David Blei: Probabilistic Topic Models of Text and Users

Glen WortheyFebruary 17, 2014

Date/Time: Monday, 24 February 2014 - 1:00pm to 2:30pmLocation: Graduate School of Business McClelland Bldg, Room M104Event Link: The Data, Society, and Inference Seminar Series

**TheInstitute for Research in the Social SciencesData, Society, and Inference Seminar Series is pleased to announce a talk by****David Blei, Associate Professor of Computer Science,**Princeton University

Probabilistic Topic Models of Text and Users

Abstract: Probabilistic topic models provide a suite of tools for analyzing large document collections.  Topic modeling algorithms discover the latent themes that underlie the documents and identify how each document exhibits those themes.  Topic modeling can be used to help explore, summarize, and form predictions about documents.

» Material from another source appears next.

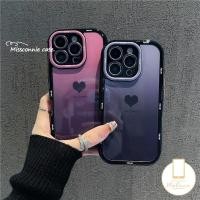 ราคา SAMSUNG สําหรับSamsung A15 A05s A05 A32 A24 A16 A55 A51 A25 A14 A50 A03s A22 A35 A12 A50s A53 A23 A04s A52 A04s A33 A32s A32 A32s A32 A32 A32 A32 A32s A32 A32 A32 A32 A32 A32 A32s A32 A32 A32 A32 A32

Traditional topic modeling algorithms take a document collection as input and analyze the texts to estimate its latent thematic structure.  However, for many collections, there is an additional type of data:  how people use the documents.  For example, readers click on articles in a newspaper website, scientists place articles in their personal libraries, and lawmakers vote on a collection of bills.  User behavior data about documents is essential for building automatic recommendation systems and, further, gives new ways of understanding how a collection and its users are organized.

In this talk, Professor Blei will review the basics of topic modeling and describe our recent research on collaborative topic models, which simultaneously analyze texts and corresponding user behavior data.  His group studied collaborative topic models on a large collection of 80,000 scientists' libraries and the 250,000 abstracts of the corresponding articles.  With this analysis, we can build recommendation systems that point scientists to articles they will like and, further, organize the scientific literature according to the discovered patterns of readership.  As examples, we can identify articles that are important within a field and articles that transcend disciplinary boundaries.

More broadly, topic modeling is a case study in the large field of applied probabilistic modeling.  Finally, Professor Blei will survey some recent advances in this field.  He will show how modern probabilistic modeling gives data scientists a rich language for expressing statistical assumptions and scalable algorithms for uncovering hidden patterns in massive data.